> [WHAT YOU ARE ASKED TO DO]
Select and reproduce each line of the listing below that bears the string "rinevartist".

> [EXERCISE MATERIAL]
########
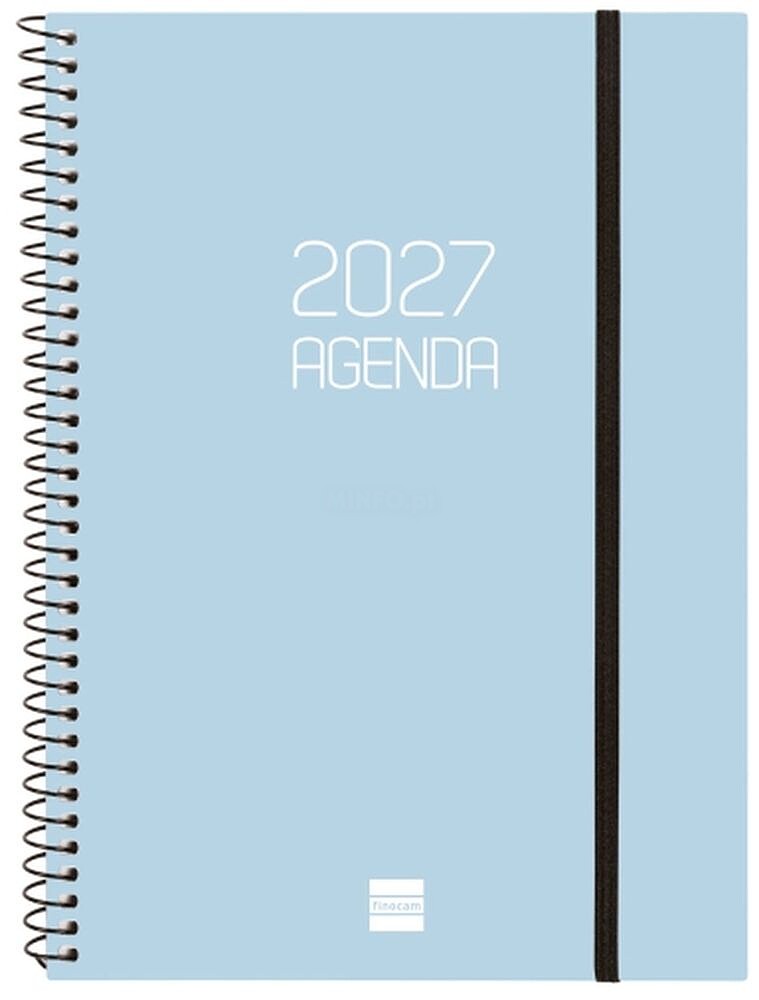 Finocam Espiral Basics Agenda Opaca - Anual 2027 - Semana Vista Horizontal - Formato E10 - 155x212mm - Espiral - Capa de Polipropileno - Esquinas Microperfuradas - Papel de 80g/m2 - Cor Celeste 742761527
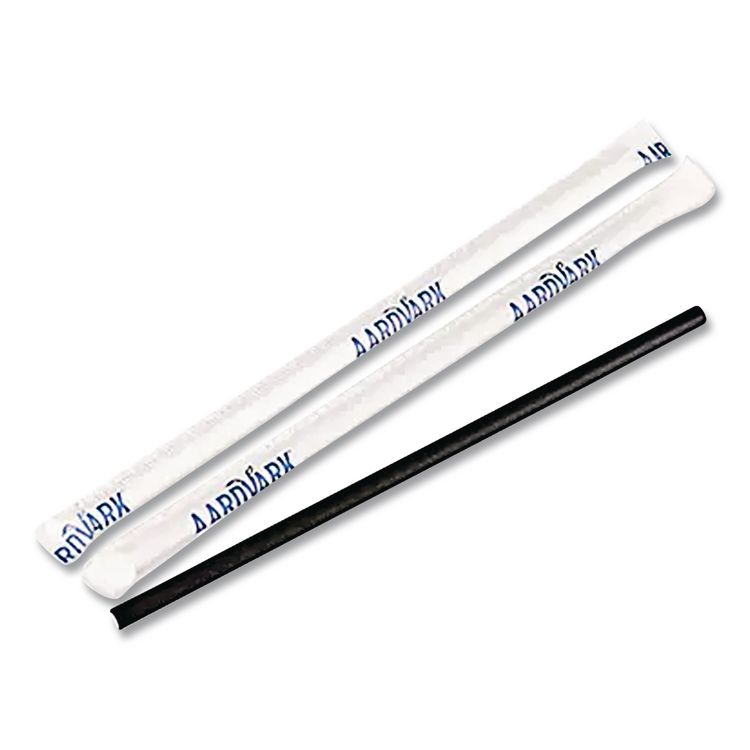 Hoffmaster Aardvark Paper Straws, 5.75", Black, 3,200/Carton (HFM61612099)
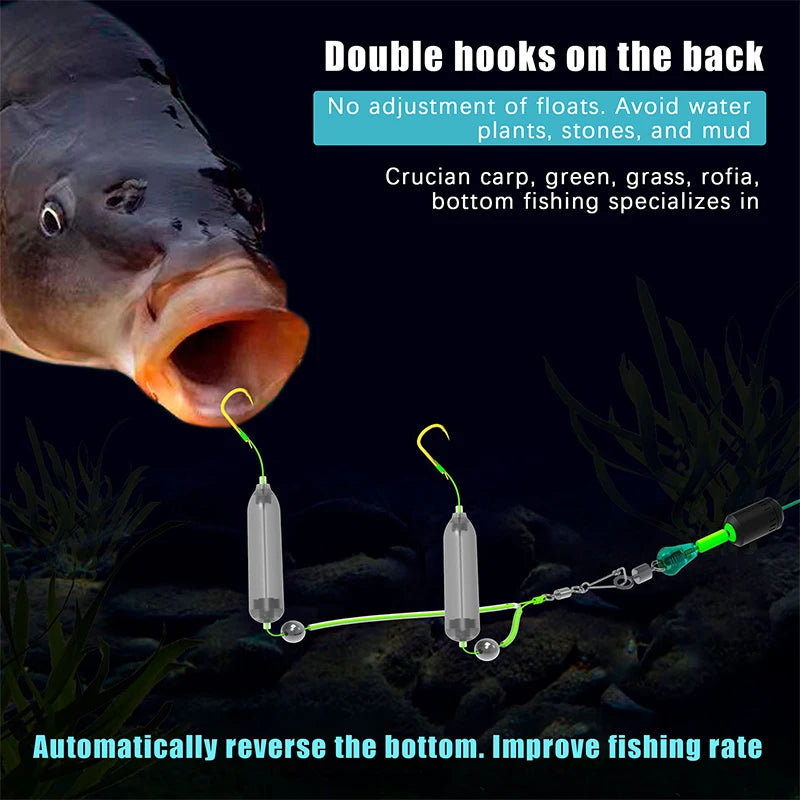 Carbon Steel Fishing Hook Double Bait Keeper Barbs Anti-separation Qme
########
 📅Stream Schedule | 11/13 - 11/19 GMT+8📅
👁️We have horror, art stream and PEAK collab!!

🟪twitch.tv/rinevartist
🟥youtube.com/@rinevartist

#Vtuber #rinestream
########
> [SOLUTION FOR THIS TASK]
🟪twitch.tv/rinevartist
🟥youtube.com/@rinevartist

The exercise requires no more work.